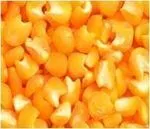 Pipomix - Maíz Mote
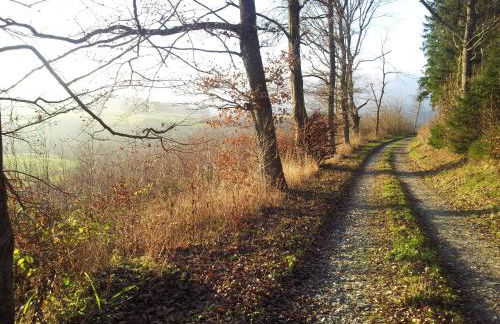 Ferienwohnung Panorama II - Foto 20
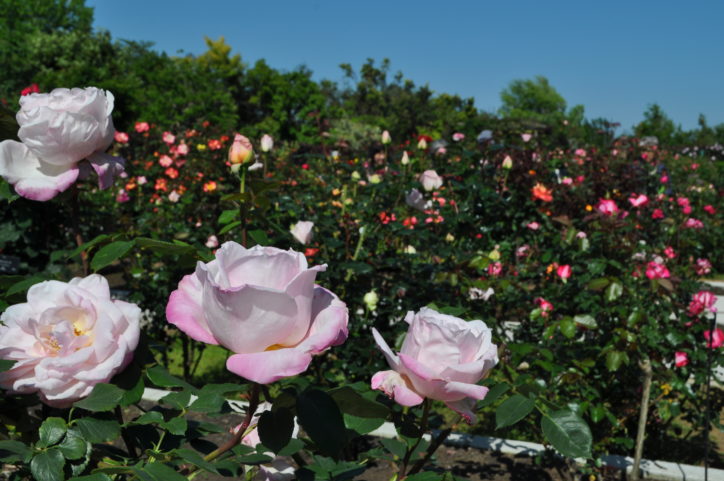 「ローズフェスティバル」平塚花菜ガーデンでバラ1300種が見頃です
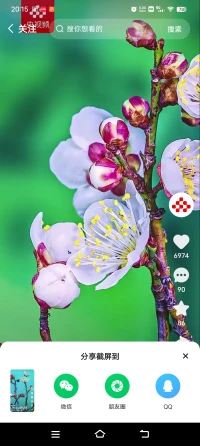 你可以接受平凡，但這不是你不努力的理由配圖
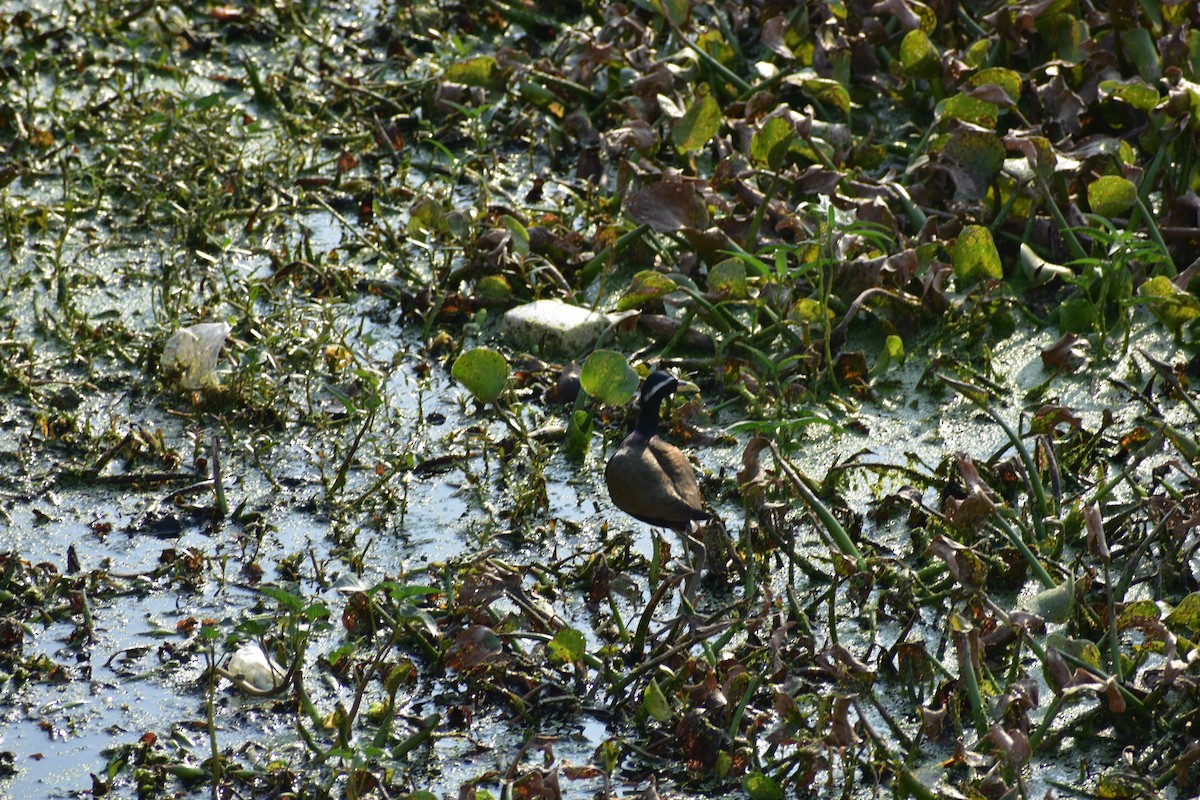 ostnák hnědoocasý - ML646680525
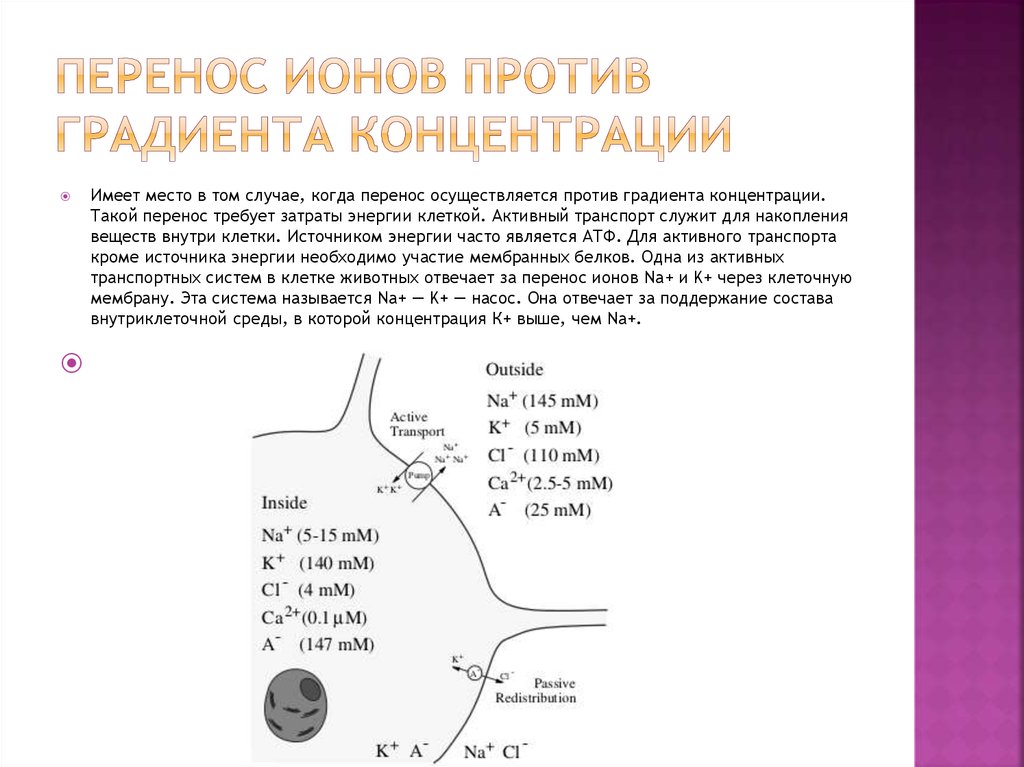 Ионы против градиента концентрации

════════

## Exercise brief
Repeat the material above word for word, please, apart from its images.

## Solved problem
 Pipomix - Maíz Mote
 Ferienwohnung Panorama II - Foto 20
 「ローズフェスティバル」平塚花菜ガーデンでバラ1300種が見頃です
 你可以接受平凡，但這不是你不努力的理由配圖
 ostnák hnědoocasý - ML646680525
 Ионы против градиента концентрации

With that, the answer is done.